A dieci anni dal rapimento e l'uccisione di Giulio Regeni al Cairo, la famiglia del ricercatore ha rilasciato un messaggio ufficiale di ringraziamento a quanti hanno contribuito a “impedire l’oblio” attorno alla sua vicenda. Paola e Claudio Regeni, attraverso la loro legale, hanno sottolineato il ruolo svolto da cittadini, operatori dell’informazione e realtà associative nel mantenere viva la memoria pubblica del caso. Il messaggio arriva in prossimità del decimo anniversario del sequestro, avvenuto il 25 gennaio 2016, e del successivo ritrovamento del corpo del giovane, ucciso dopo ripetute torture.

La vicenda continua a occupare un posto centrale nel dibattito pubblico italiano e internazionale sui diritti umani e sulle responsabilità degli Stati.

Il messaggio della famiglia

Nel messaggio diffuso nei giorni precedenti l’anniversario, i genitori di Giulio Regeni hanno espresso gratitudine verso “tutte le persone e la scorta mediatica” che hanno seguito il caso in questi anni, contribuendo a mantenerne alta l’attenzione.
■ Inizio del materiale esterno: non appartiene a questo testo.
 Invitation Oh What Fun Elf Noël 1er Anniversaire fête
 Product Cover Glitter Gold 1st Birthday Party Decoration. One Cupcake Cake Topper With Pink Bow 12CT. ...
Secondo la famiglia, questo impegno ha rappresentato un elemento decisivo per evitare che la vicenda scivolasse nell’indifferenza, come accaduto in altri casi di violazioni dei diritti fondamentali avvenute all’estero.

Il riferimento all’“oblio” richiama una delle principali preoccupazioni espresse dalla famiglia Regeni sin dalle prime fasi dell’inchiesta: la possibilità che il tempo e la complessità delle relazioni diplomatiche potessero ridurre l’attenzione pubblica su un caso che presenta evidenti profili di tortura e omicidio di Stato.

Il messaggio si inserisce dunque in una strategia comunicativa orientata a mantenere costante la pressione dell’opinione pubblica sulle istituzioni.

Il rapimento e l’uccisione di Giulio Regeni

Giulio Regeni, dottorando presso l’Università di Cambridge, si trovava al Cairo per una ricerca sui sindacati indipendenti egiziani. Il 25 gennaio 2016, giorno dell'anniversario della rivoluzione egiziana del 2011, il giovane scomparve nei pressi di piazza Tahrir. Per giorni non si ebbero notizie, fino al 3 febbraio, quando il suo corpo venne ritrovato lungo una strada tra il Cairo e Alessandria.

L’autopsia rivelò segni evidenti di torture, fratture e lesioni compatibili con un prolungato periodo di sevizie.

Fin dalle prime ore successive al ritrovamento, emersero forti dubbi sulle versioni fornite dalle autorità egiziane, che nel tempo presentarono ricostruzioni contraddittorie. Il caso assunse rapidamente una dimensione internazionale, diventando un simbolo delle violazioni dei diritti umani in Egitto.